Thursday, May 26, 2011

The Unbearable Lightness of Jigsaw

Yesterday Mark Reinhold posted a link to the new requirements on Jigsaw. He states a more ambitious goal to make Jigsaw not just for VM developers only as they said before. The good news is that OSGi is recognized. The even better news is that now there are requirements it is obviously clear that OSGi meets virtually all of them, and then some. The bad news is that despite OSGi meeting the requirements it does not look likely that Jigsaw will go away anytime soon.

As this round will likely get me another 15 minutes of fame, let me use this fame to try to explain why I consider the Jigsaw dependency model harmful to the Java eco-system.

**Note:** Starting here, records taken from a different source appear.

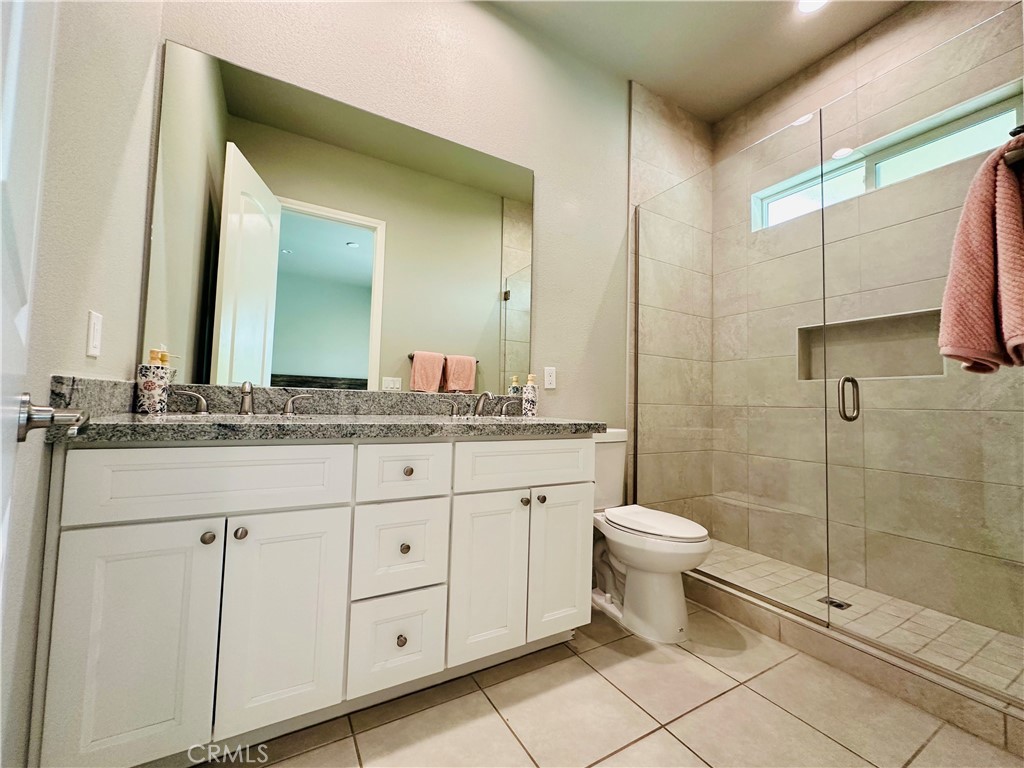 68315 Modalo Road Cathedral City, CA 92234 - Photo 9 of 18 a bathroom with a toilet sink and a mirror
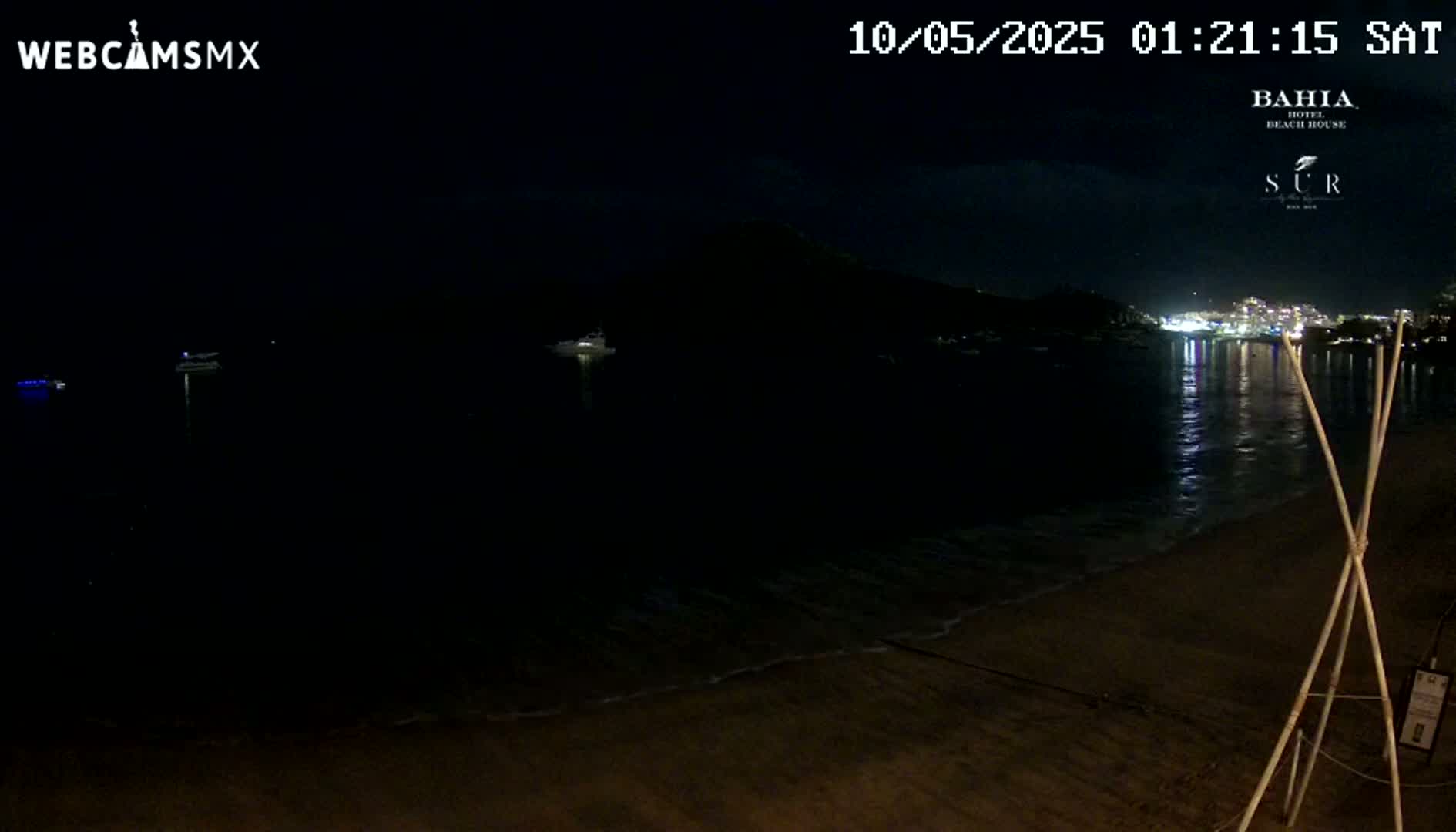 A dark, nighttime beach scene shows a calm, dark ocean reflecting a distant town's lights, with a sandy shore in the foreground.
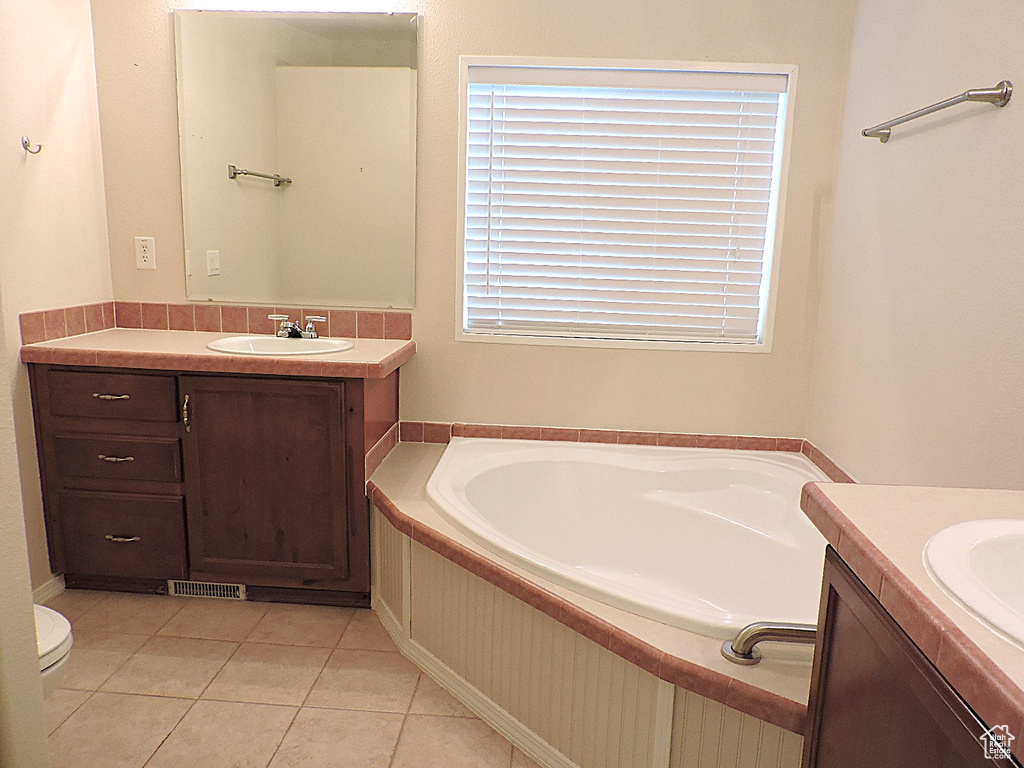 Bathroom with two vanities, a bath, tile patterned flooring, and toilet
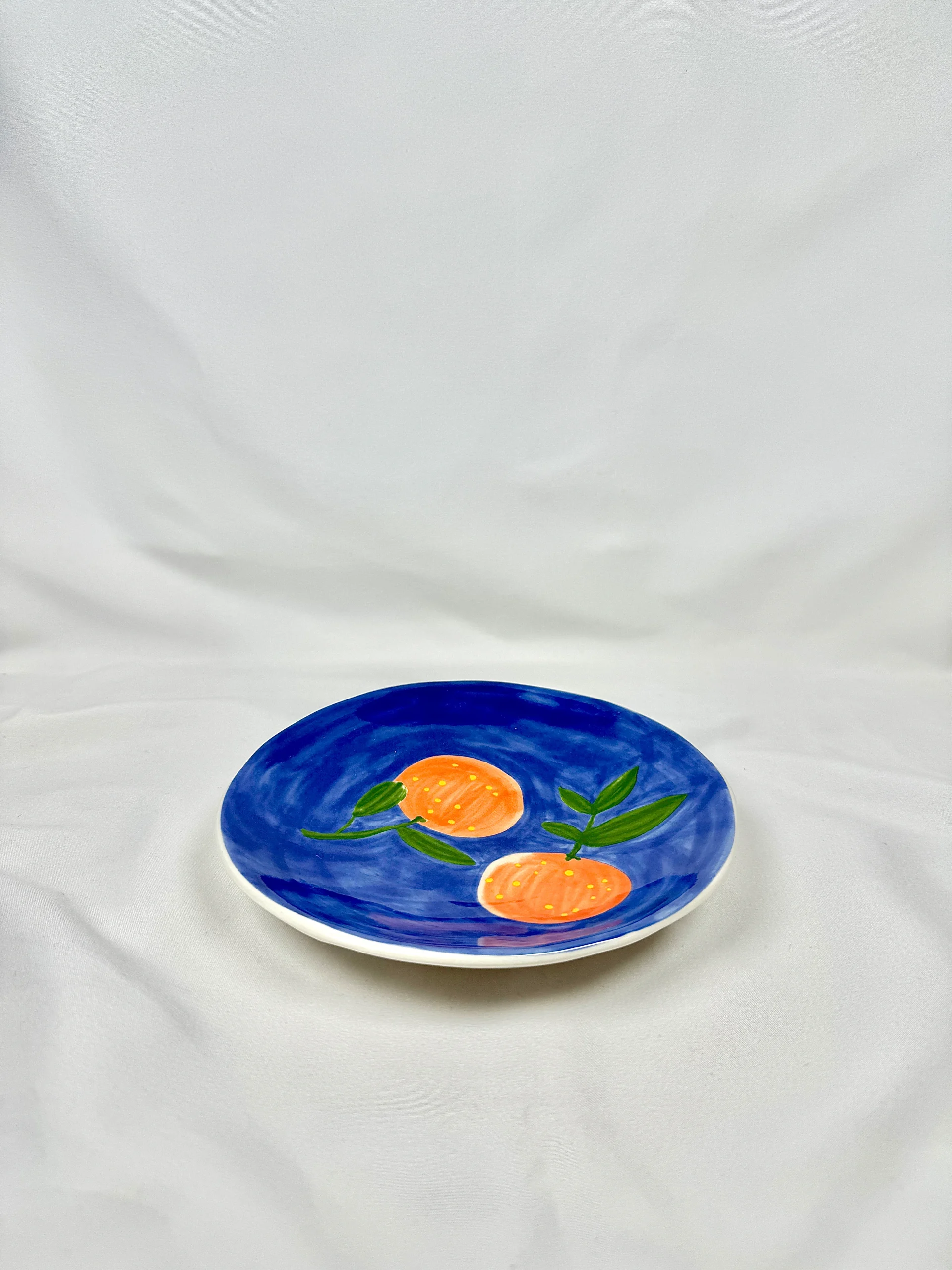 Plato Naranjas Azul Oscuro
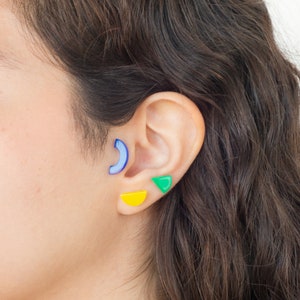 May include: A person wearing three different coloured geometric earrings. The earrings are a blue crescent moon, a yellow half circle, and a green triangle.
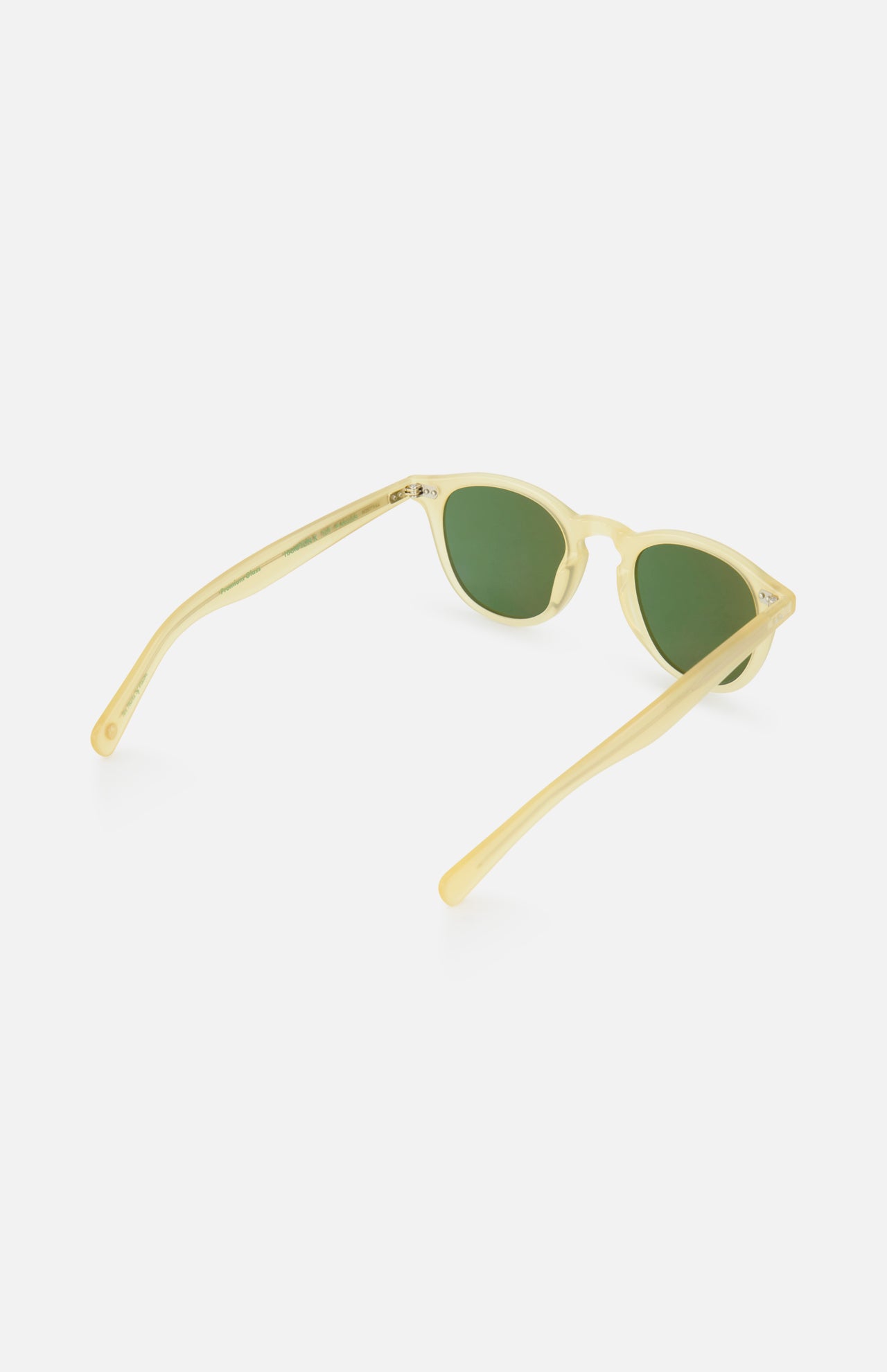 The GARRETT LEIGHT Hampton X Round Neutral Sunglasses feature honey-colored acetate frames and green-tinted lenses, shown with arms extended on a white background.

Jigsaw's dependency model must be based on Maven concepts according to requirement #1. This model is the same as Require-Bundle in OSGi. It is based on a module requiring other modules, where modules are deployment artifacts like JARs. To deploy, you transitively traverse all their dependencies and put them in the module system to run. That is, a module for Jigsaw is a deployment module, not a language module.

It is a popular solution because it is so easy to understand. However, Einstein already warned us: "A solution should be as simple as possible, but not simpler." The problem of managing today's code base for large applications is complex and all of us in the Java eco-system will be harmed with a simplistic solution.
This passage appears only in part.